Copy out each entry below verbatim, skipping the images.

#### Records provided ####

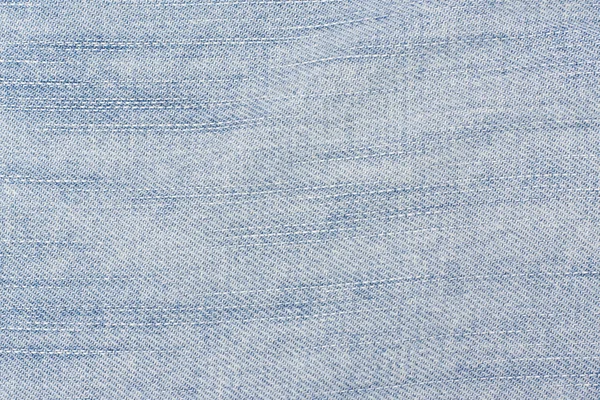 Текстура джинси — стокове фото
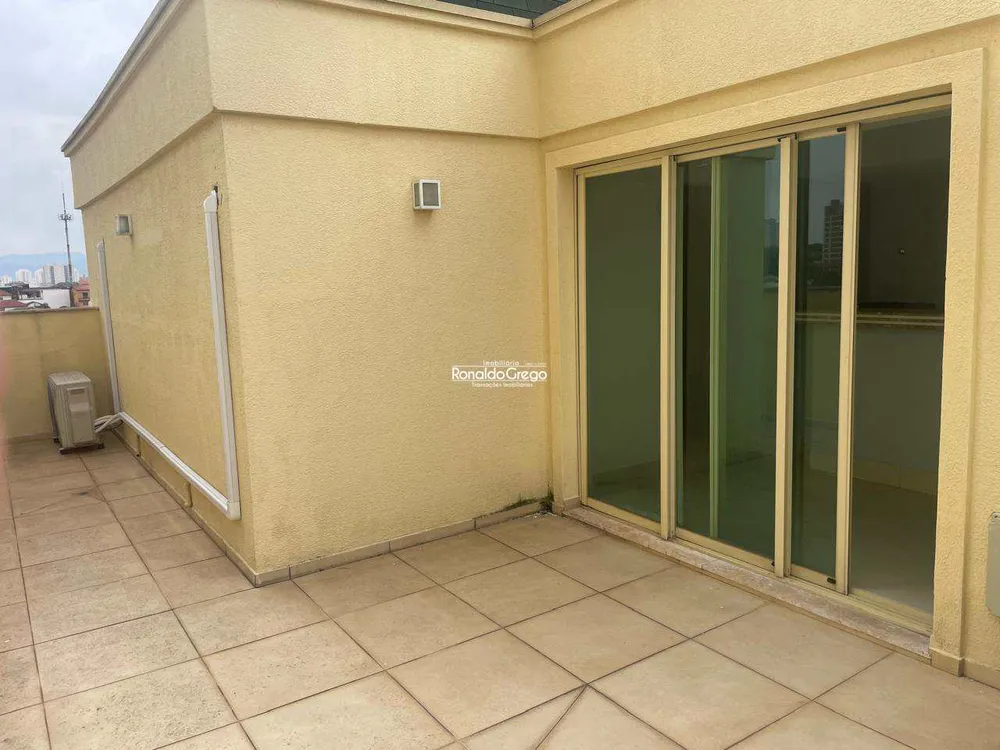Cobertura, 4 quartos, 294 m² - Foto 13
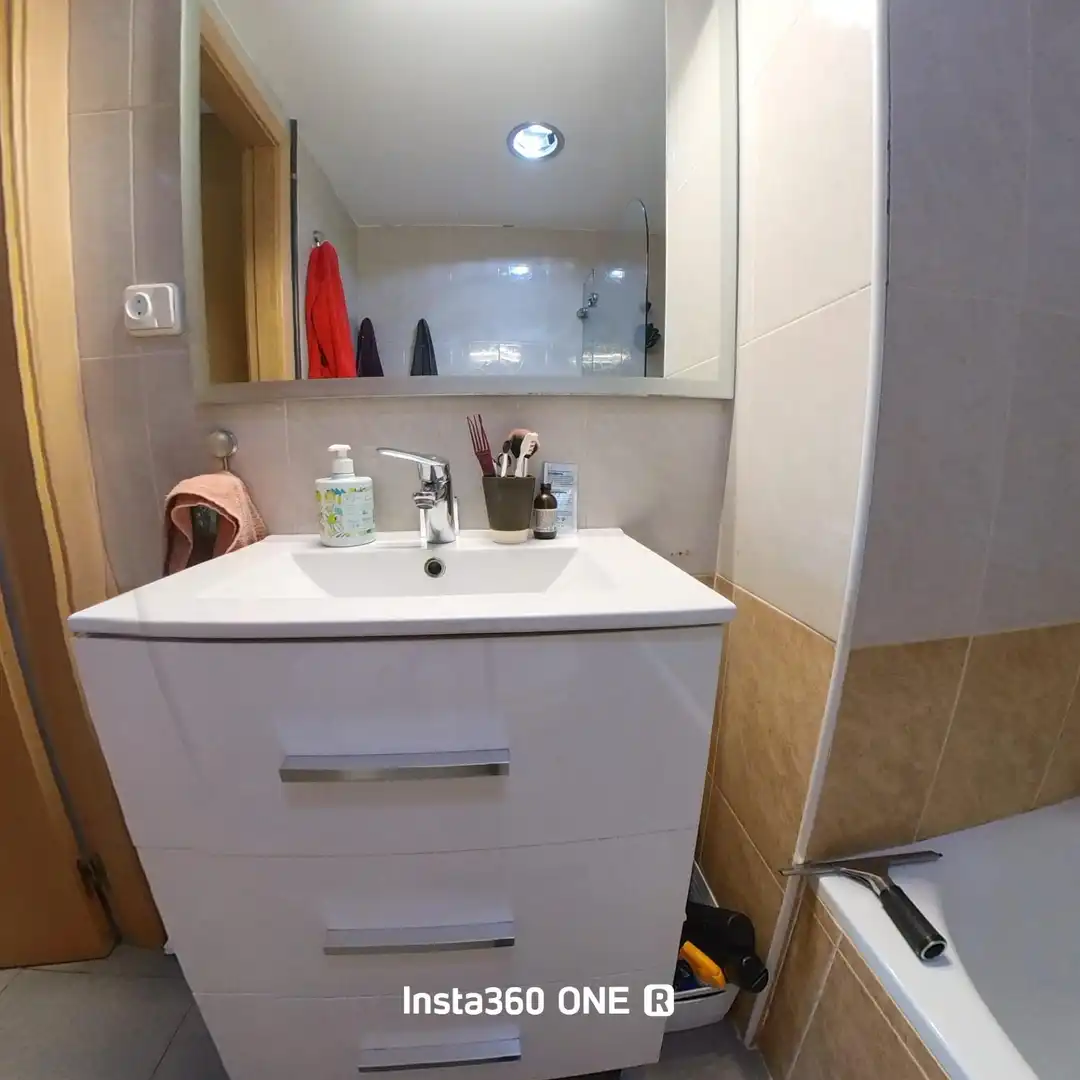 Baño de Piso en venta en El Vendrell con Aire acondicionado y Calefacción
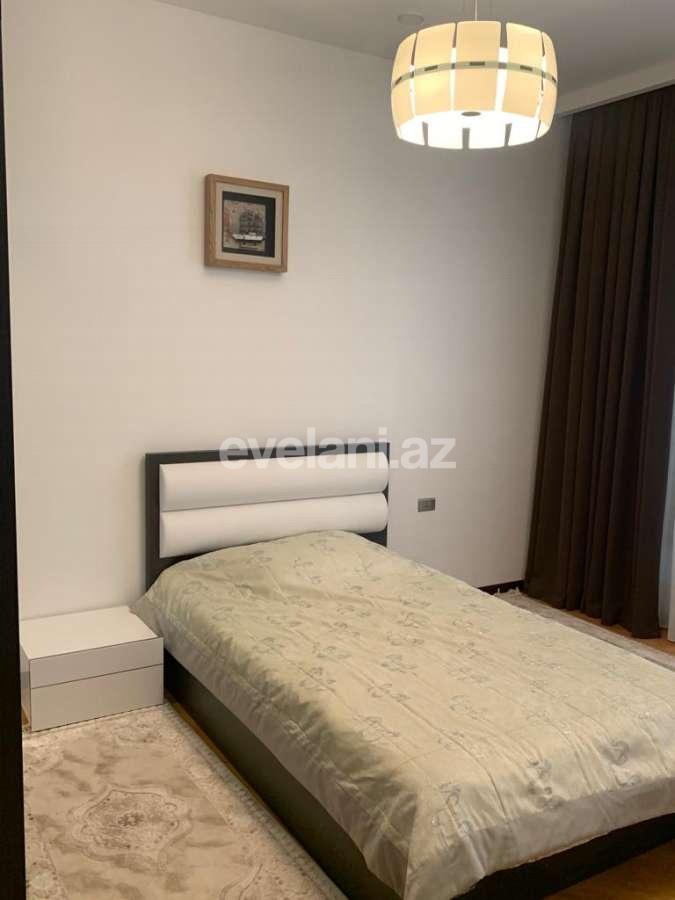 Kirayə verilir, villa, 5 otaqlı, 230 m², Bakı, Xəzər r, Şüvəlan q.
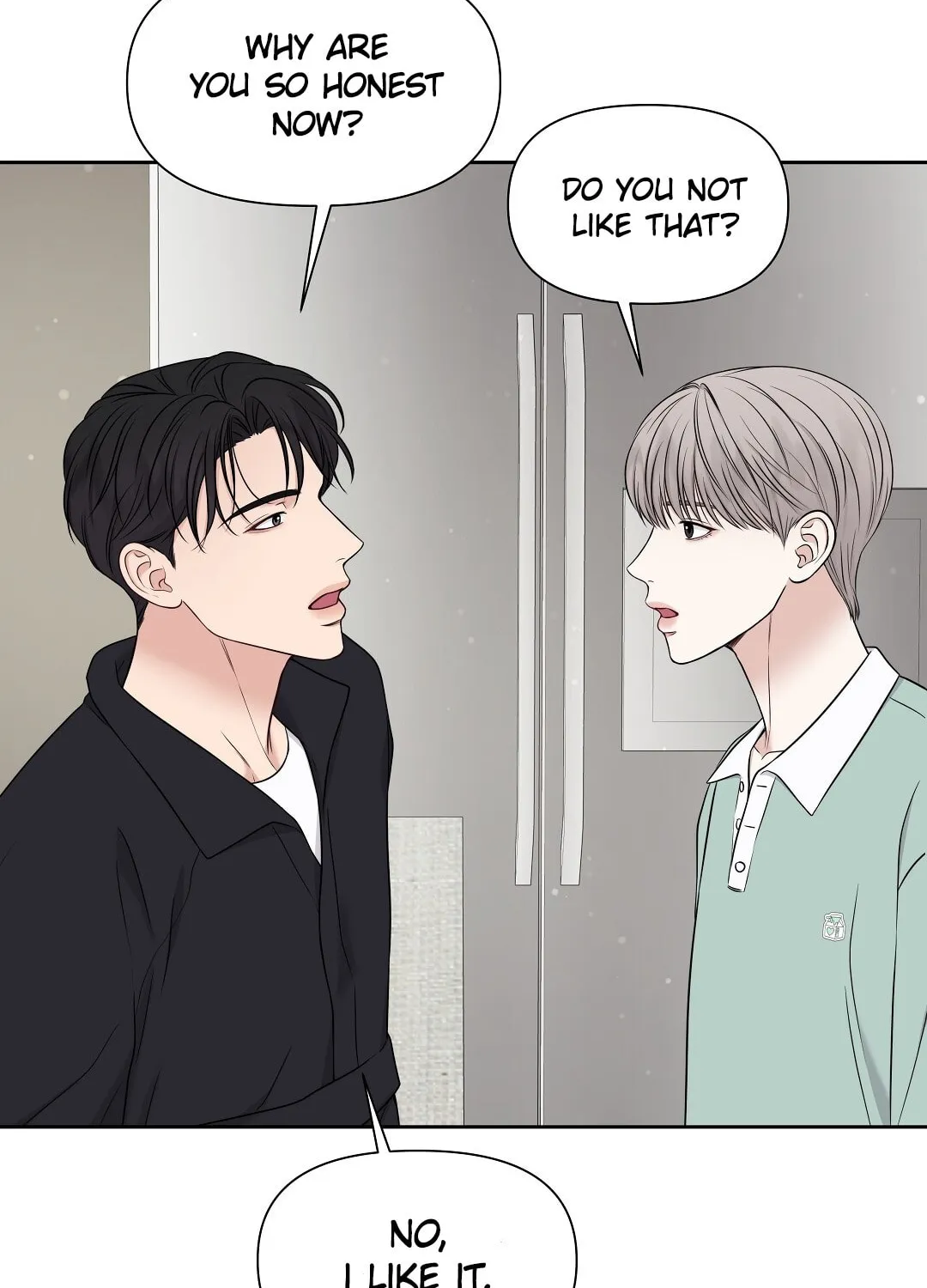 Read Macguffin chapter 14 image 72 on Lezhin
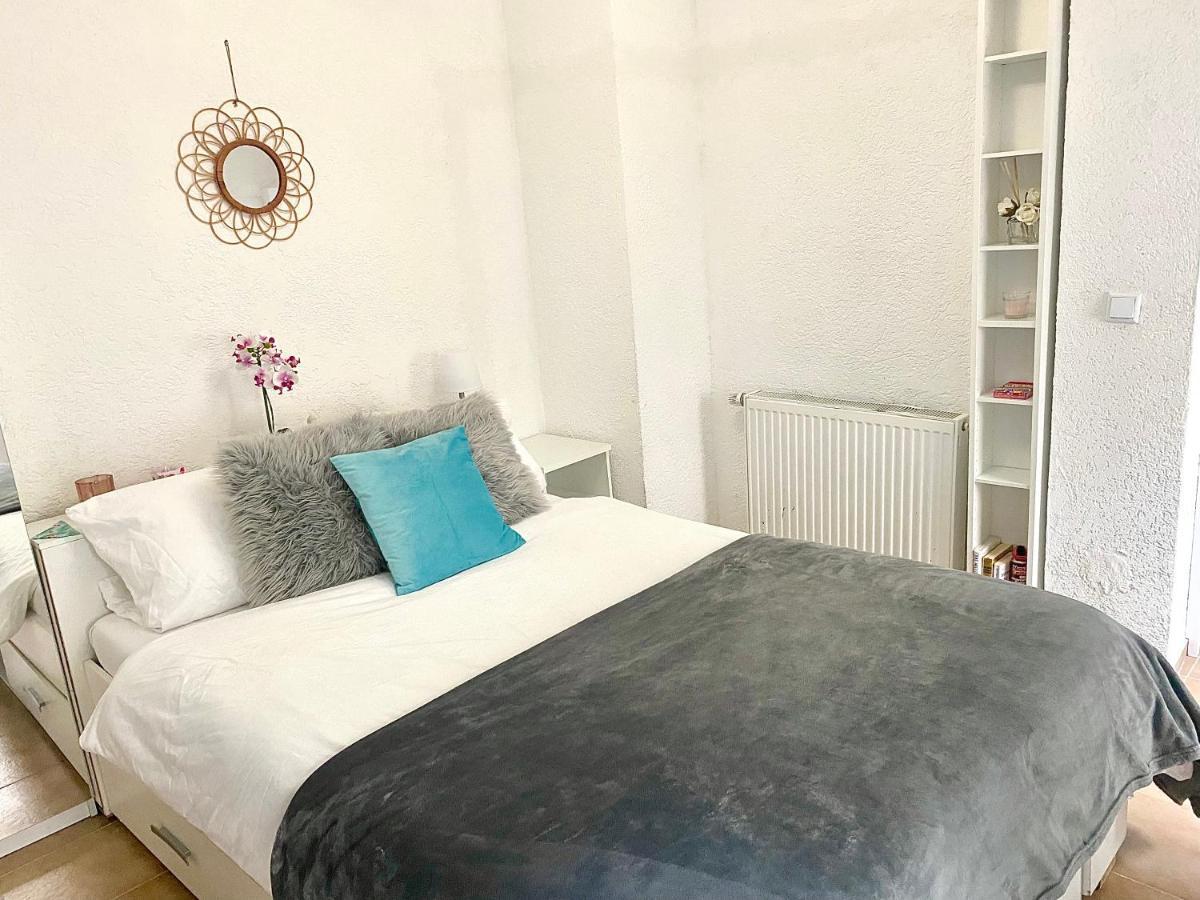 Top Apartment Saarbruecken City Екстер'єр фото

####

Task response
 Текстура джинси — стокове фото
Cobertura, 4 quartos, 294 m² - Foto 13
 Baño de Piso en venta en El Vendrell con Aire acondicionado y Calefacción
 Kirayə verilir, villa, 5 otaqlı, 230 m², Bakı, Xəzər r, Şüvəlan q.
 Read Macguffin chapter 14 image 72 on Lezhin
 Top Apartment Saarbruecken City Екстер'єр фото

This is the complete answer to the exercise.